:: THE PROBLEM ::
Look through the listing below for the line with "2022 Toyota Highlander Hybrid Platinum" and the line with "El presidente invitó". Copy both, along with every line between them, exactly and with no pictures.

:: DATASET ENTRIES ::
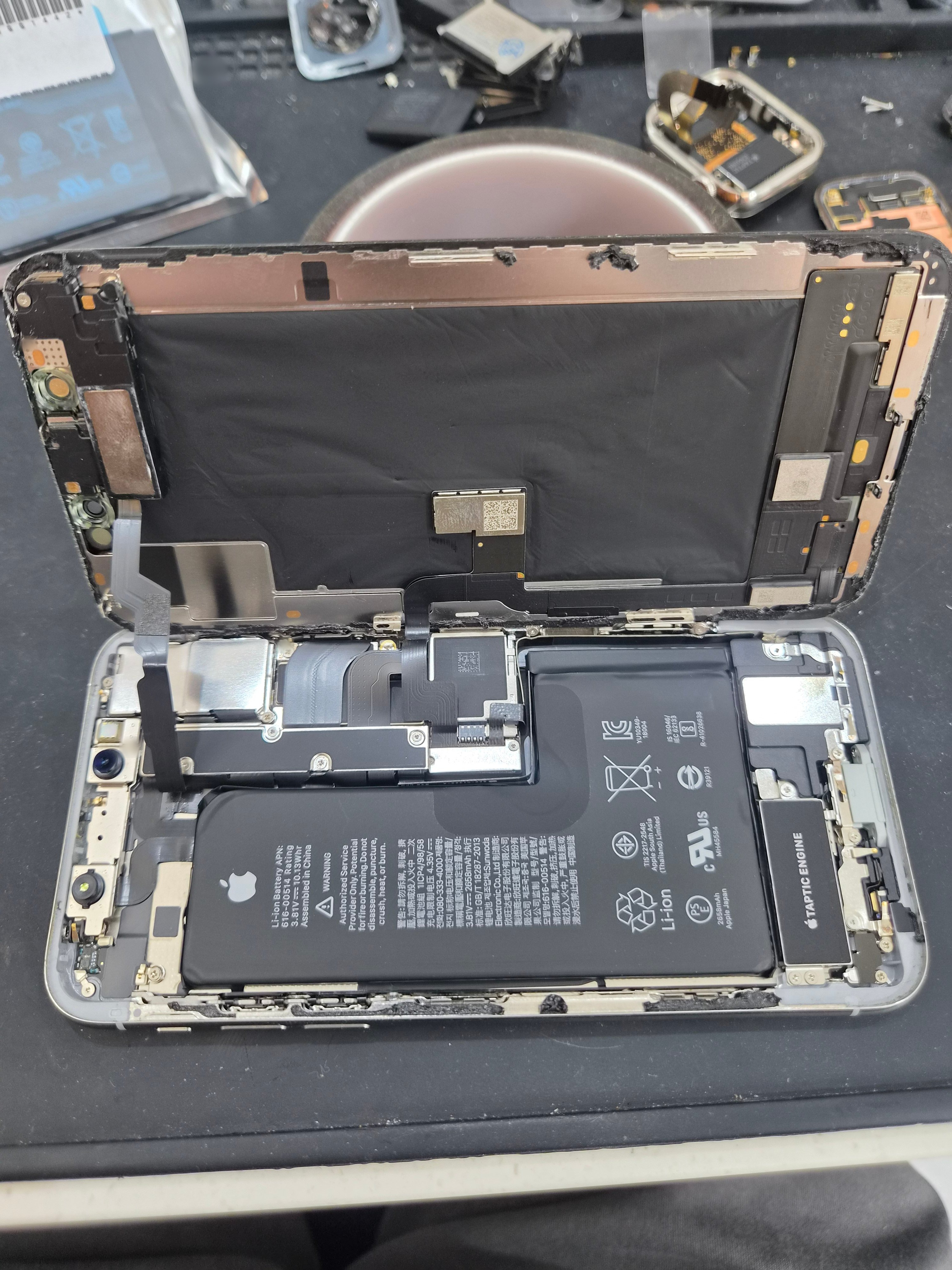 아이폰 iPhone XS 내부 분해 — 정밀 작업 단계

---

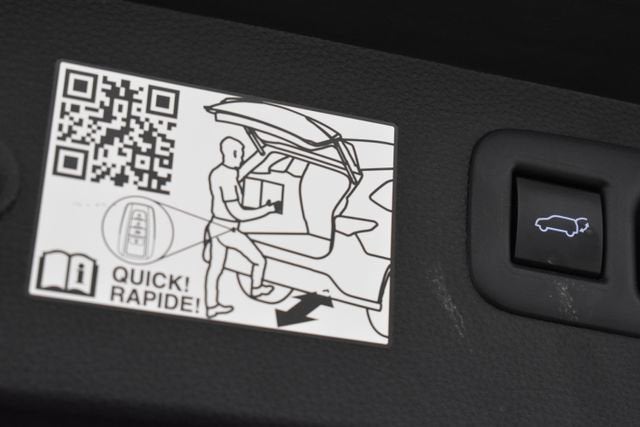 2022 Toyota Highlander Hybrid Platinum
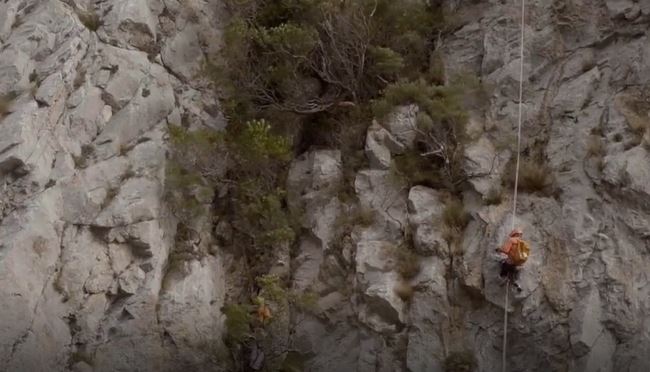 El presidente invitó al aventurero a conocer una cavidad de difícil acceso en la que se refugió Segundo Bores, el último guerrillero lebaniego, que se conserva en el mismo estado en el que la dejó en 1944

:: REPLY ::
 2022 Toyota Highlander Hybrid Platinum
 El presidente invitó al aventurero a conocer una cavidad de difícil acceso en la que se refugió Segundo Bores, el último guerrillero lebaniego, que se conserva en el mismo estado en el que la dejó en 1944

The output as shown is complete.